WHAT THE TASK ASKS — Every line of the entries below that carries the string "Blue" should be copied.

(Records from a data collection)
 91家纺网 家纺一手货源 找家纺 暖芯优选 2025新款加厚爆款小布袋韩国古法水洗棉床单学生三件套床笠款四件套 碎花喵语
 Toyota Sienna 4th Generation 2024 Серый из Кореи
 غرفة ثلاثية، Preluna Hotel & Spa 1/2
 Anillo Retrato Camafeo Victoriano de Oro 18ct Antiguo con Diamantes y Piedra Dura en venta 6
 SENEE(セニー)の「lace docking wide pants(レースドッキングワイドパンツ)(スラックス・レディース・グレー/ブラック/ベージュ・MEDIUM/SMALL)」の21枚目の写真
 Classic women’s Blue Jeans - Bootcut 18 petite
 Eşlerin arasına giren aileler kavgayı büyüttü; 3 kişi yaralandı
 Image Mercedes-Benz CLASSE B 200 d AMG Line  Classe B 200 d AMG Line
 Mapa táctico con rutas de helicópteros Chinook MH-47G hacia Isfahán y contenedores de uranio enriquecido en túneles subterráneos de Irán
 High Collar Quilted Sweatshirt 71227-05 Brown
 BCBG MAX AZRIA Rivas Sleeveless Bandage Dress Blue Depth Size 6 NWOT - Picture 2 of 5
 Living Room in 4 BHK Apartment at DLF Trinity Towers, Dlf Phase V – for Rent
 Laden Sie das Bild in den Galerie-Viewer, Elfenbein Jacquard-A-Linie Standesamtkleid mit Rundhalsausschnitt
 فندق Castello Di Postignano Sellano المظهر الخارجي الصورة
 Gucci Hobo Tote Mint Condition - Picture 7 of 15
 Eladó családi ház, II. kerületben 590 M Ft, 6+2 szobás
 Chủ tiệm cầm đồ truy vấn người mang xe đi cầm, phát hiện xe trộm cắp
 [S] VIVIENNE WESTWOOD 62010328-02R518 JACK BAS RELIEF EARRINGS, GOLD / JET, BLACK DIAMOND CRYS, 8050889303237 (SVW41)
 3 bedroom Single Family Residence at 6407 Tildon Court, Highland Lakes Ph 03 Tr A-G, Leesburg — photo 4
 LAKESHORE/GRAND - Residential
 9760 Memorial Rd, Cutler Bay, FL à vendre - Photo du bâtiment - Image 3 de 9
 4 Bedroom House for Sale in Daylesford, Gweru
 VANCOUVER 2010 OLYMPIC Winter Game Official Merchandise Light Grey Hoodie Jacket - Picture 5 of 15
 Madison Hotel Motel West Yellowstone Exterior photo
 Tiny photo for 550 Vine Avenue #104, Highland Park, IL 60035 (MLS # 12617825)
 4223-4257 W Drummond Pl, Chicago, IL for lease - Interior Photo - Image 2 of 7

REPLY TO THE TASK —
 Classic women’s Blue Jeans - Bootcut 18 petite
 BCBG MAX AZRIA Rivas Sleeveless Bandage Dress Blue Depth Size 6 NWOT - Picture 2 of 5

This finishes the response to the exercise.